Police were forced to intervene and the president of the IDVP was dismissed after demonstrators attacked the Regua offices of the Port Wine Institute last week.

Following Wednesday’s attack on the IDVP’s offices, which saw windows smashed, the Portuguese government intervened on Friday by suspending its president, Luciano Vilhena Pereira, hastening his planned departure this October.

Vice-president Paulo Meneses Osório has taken charge until a permanent replacement can be found.

The violence marked a peak in tensions, which have been growing since the end of July, when the licence per hectare permitted for Port production, or beneficio, was cut dramatically to 85,000 pipes from its 2010 level of 110,000 pipes.

With one pipe equating to 550 litres, the 2011 beneficio is expected to create a shortfall of 2.7 million cases, or 30%, in production compared with this year’s total Port sales.

Speaking to the drinks business, Paul Symington, managing director of Symington Family Estates, outlined the concerns of the Douro protesters.

“Many Douro farmers made losses in 2010 and this reduction in Port production will push some into bankruptcy and will inevitably lead to some abandoning their vineyards,” he explained.

Although accepting that the recession created oversupply in recent years, Symington warned: “This substantial cut in production will virtually eliminate any trade over-stock for 2012 and could eventually lead to some shortage of younger wines needed for ruby and reserve Ports.”
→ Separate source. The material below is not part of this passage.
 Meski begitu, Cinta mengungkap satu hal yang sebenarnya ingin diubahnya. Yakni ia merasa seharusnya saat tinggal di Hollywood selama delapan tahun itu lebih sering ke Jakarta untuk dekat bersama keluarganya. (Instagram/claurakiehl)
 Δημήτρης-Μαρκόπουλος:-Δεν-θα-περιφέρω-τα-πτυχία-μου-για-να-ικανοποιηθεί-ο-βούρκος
Having highlighted the issue of European retail consolidation in db’s July 2011 issue, Symington used this wider context as further explanation of the pressures facing the Douro’s growers.

“There is no doubt that the constant pressure on Port prices and margins across the major European markets is part of the cause for this social unrest that is now appearing in the Douro,” he observed.

To compound these problems, Symington also noted “the sharp increase in the cost of wine brandy used to fortify Port.

“The gradual withdrawal of the EU subsidy on distillation has increased the cost of brandy by over 25% from 2010 to 2011.”

Earlier this year, Adrian Bridge, CEO of The Fladgate Partnership, expressed his own concern at the likely consequences of mounting pressures on the Port industry, warning of further consolidation “in the next 18 to 24 months.”

Speaking on behalf of his own business, Symington remarked: “We are very concerned about the economy of the region and are doing our best in the context of what a company can do for our farmers.”

However, he criticised the Portuguese government’s longstanding failure to protect the livelihoods of the Douro’s 30,000 farmers, saying: “The government allowed increased planting, which has been very serious for existing farmers.

“Nobody in the government seems to have been paying much attention to Port, even though it’s a beacon for Portugal.”